**Problem to work on:** Could you transcribe exactly the lines below, from the line with "xlilyh Onlyfans (Video 2)" through the line with "Im Inneren eines", and nothing else, leaving out the pictures?

Segment Start: The data

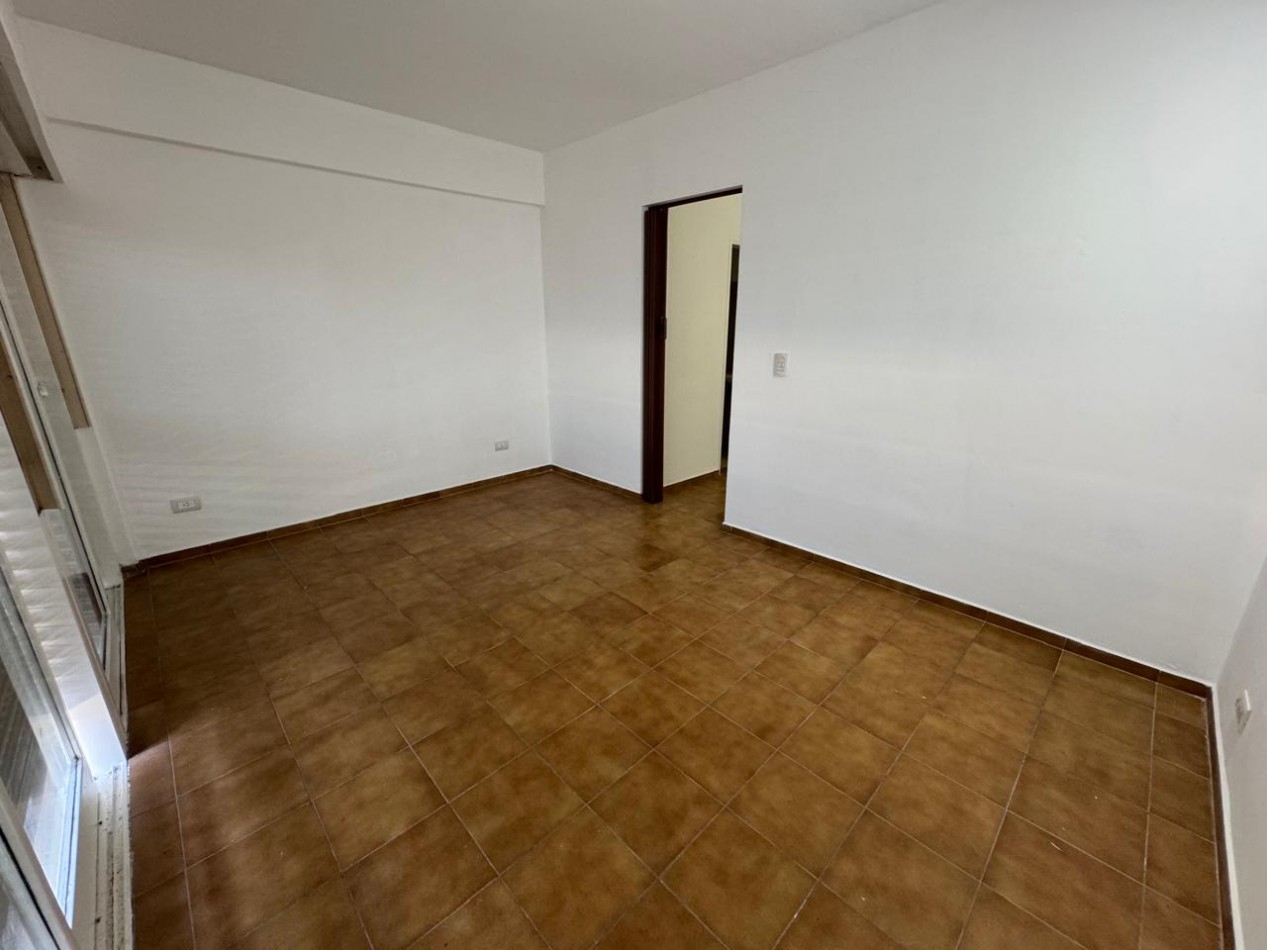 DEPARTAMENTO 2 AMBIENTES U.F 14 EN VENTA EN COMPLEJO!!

Segment End: The data
Segment Start: The data

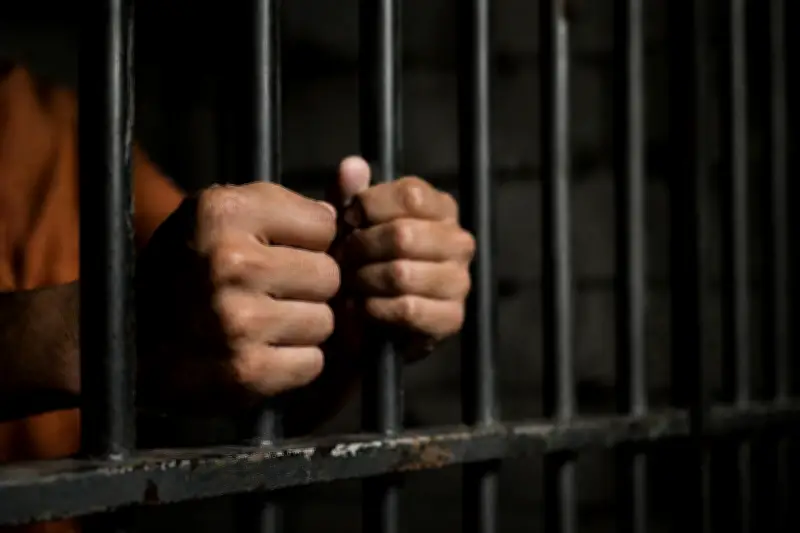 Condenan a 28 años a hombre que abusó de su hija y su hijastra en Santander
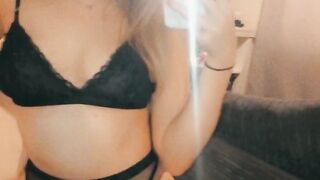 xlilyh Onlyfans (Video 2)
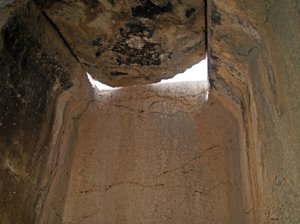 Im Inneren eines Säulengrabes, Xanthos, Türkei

Segment End: The data

**Finished exercise:**
 xlilyh Onlyfans (Video 2)
 Im Inneren eines Säulengrabes, Xanthos, Türkei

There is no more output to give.